-------- Data extracts

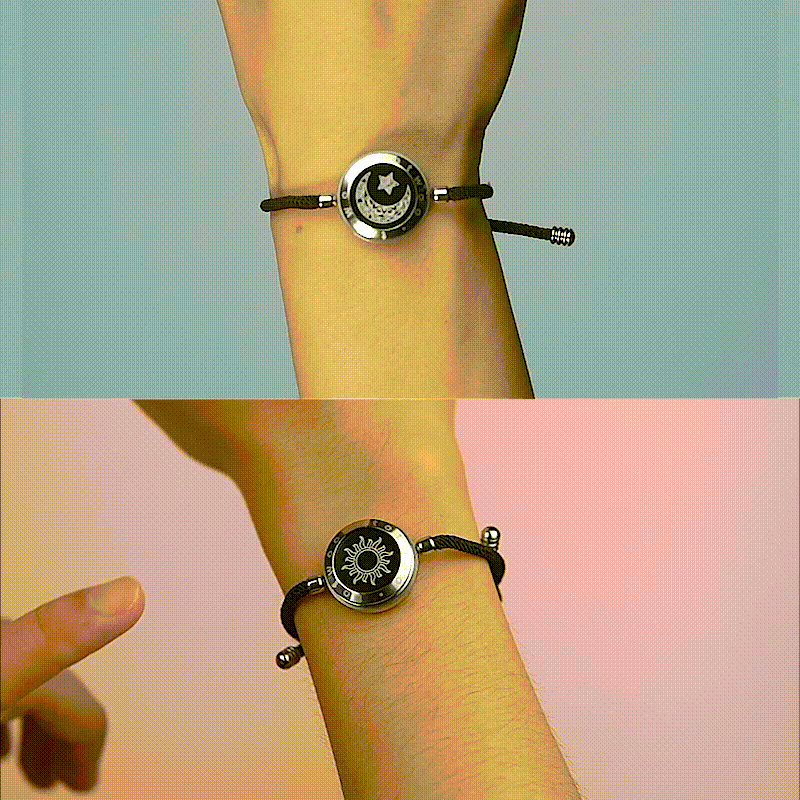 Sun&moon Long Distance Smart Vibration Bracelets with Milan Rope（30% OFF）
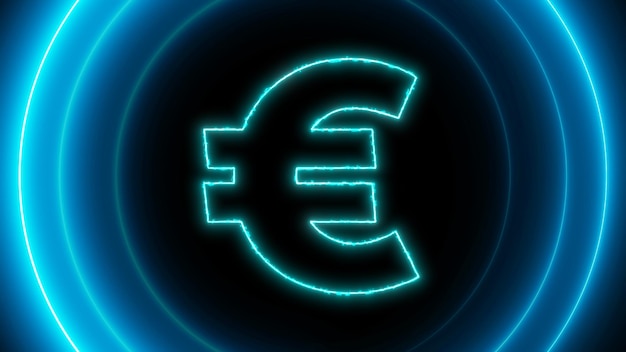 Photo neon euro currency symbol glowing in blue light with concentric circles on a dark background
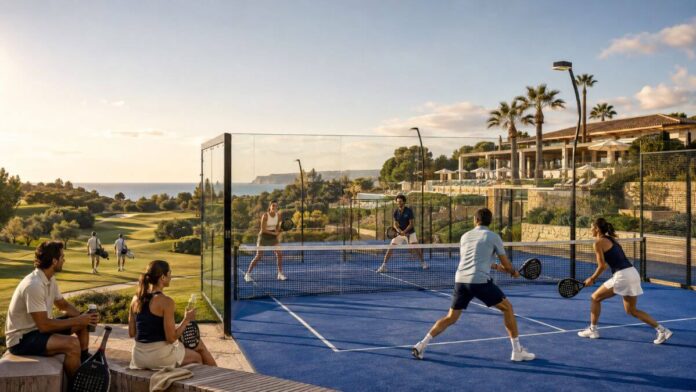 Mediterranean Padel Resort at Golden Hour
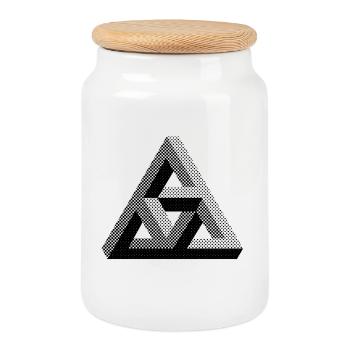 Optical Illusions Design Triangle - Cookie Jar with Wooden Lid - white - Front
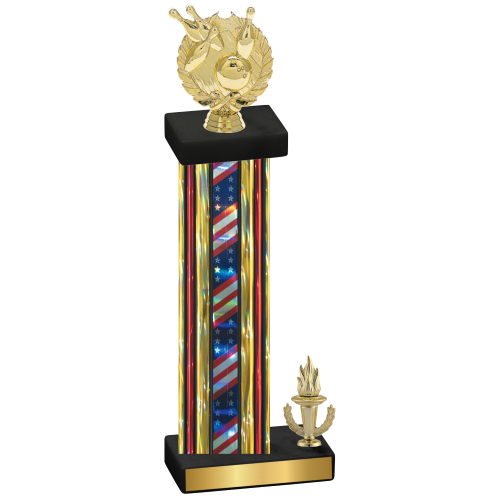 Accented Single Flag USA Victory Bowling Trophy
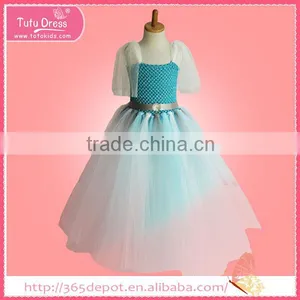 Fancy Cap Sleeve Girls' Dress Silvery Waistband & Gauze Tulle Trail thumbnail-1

----------------

» Task prompt: Images are to be excluded, and each record above written out word for word.

» Answer below:
 Sun&moon Long Distance Smart Vibration Bracelets with Milan Rope（30% OFF）
 Photo neon euro currency symbol glowing in blue light with concentric circles on a dark background
 Mediterranean Padel Resort at Golden Hour
 Optical Illusions Design Triangle - Cookie Jar with Wooden Lid - white - Front
 Accented Single Flag USA Victory Bowling Trophy
 Fancy Cap Sleeve Girls' Dress Silvery Waistband & Gauze Tulle Trail thumbnail-1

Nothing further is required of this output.